Monday, Feb. 07, 1927

"National" Universities

With state and city universities snowballing along to ever huger proportions, privately endowed universities have lately felt it necessary for fame's sake, to advertise that their aim is "quality, not quantity." Harvard, Yale and Princeton have also stressed the point that they are "national" universities. And last week Yale, standing twelfth in point of size among the 86 representative institutions included in the Boston Transcript's annual survey,* pointed to itself as "most national" of the so-called Big Three. Taking the data of the classes of 1926 to 1929 inclusive, Yale proved itself Big Three favorite in 24 states. Princeton was second, leading in twelve states. Harvard, with the largest enrollment of the Big Three, led in ten states. There were three ties.

Yale States: New York, Connecticut, Vermont, Ohio, Michigan, Indiana, Kentucky, South Carolina, Alabama, Florida, Texas, New Mexico, Arizona, Colorado, Kansas, Nebraska, Wyoming, California, Oregon, Iowa, Washington, North Dakota, Minnesota, District of Columbia. Ties: with Princeton in Illinois; with Harvard in Utah.

Princeton States: Pennsylvania, New Jersey, Delaware, Maryland, Virginia, West Virginia, North Carolina, Tennessee, Louisiana, Arkansas, Missouri, Nevada. Tie: with Harvard for Mississippi.

Harvard States: New Hampshire, Massachusetts, Maine, Rhode Island, Georgia, Oklahoma, Wisconsin, South Dakota, Montana, Idaho.

Yale attempted no national comparison of itself with that huge cosmopolite, Columbia University.

Graduations

Principal Frank L. Morse of Harrison Technical High School, Chicago, took his seat on the platform for graduating exercises last week with the air of a man who has just asserted himself. He eyed the graduating class with satisfaction. There was no pupil there who did not belong. Principal Morse faced the gathering of parents and friends, and prepared to begin the ceremonies.
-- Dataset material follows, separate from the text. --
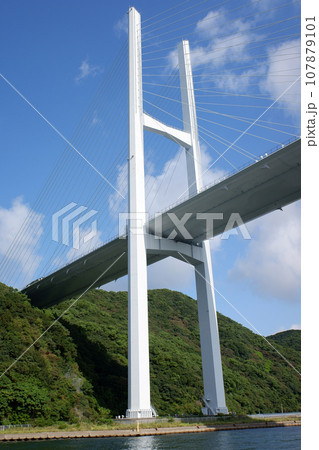 長崎　女神大橋 107879101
But some of the parents were restlessly craning their necks, standing up to see better. "I don't see Bertha," a woman whispered. "Where's Rebecca, where's Rebecca? They can't start without Rebecca!" chattered another. "Sumpthing has happened!" The excitement spread. The parents of 22 girls made each other mob-conscious that sumpthing had happened. From a nearby classroom came sounds suggesting what that sumpthing was. It sounded like 22 girls crying, screaming, hysterical. Anxious parents rushed forward. Where was Bertha? Where Rebecca? What had they done, when were they coming. ... What? He had locked them in a classroom, guarded by teachers and refused to let them be in the graduating ceremony because they had cut all their classes that morning? What? In spite of Teacher Nettie Chadwick's having advised them to get their hair curled rather than come to school? What? He would not let them out now? Their graduating dresses would be wasted? What? He defied their parents?... Blows pelted on Principal Morse. His hair was mussed, his clothes torn. Parents, whose children sat in the auditorium waiting to be launched upon their careers with inspiring words from Principal Morse, tried to defend him. The irate squad was more numerous. Hair was pulled, eyeglasses flew off. Someone turned in a riot call. But the parents soon dragged Principal Morse from his high horse. The 22 prisoners, red-eyed, indignant, joined their classmates. When the police arrived there was no disturbance in progress save the singing of the glee club.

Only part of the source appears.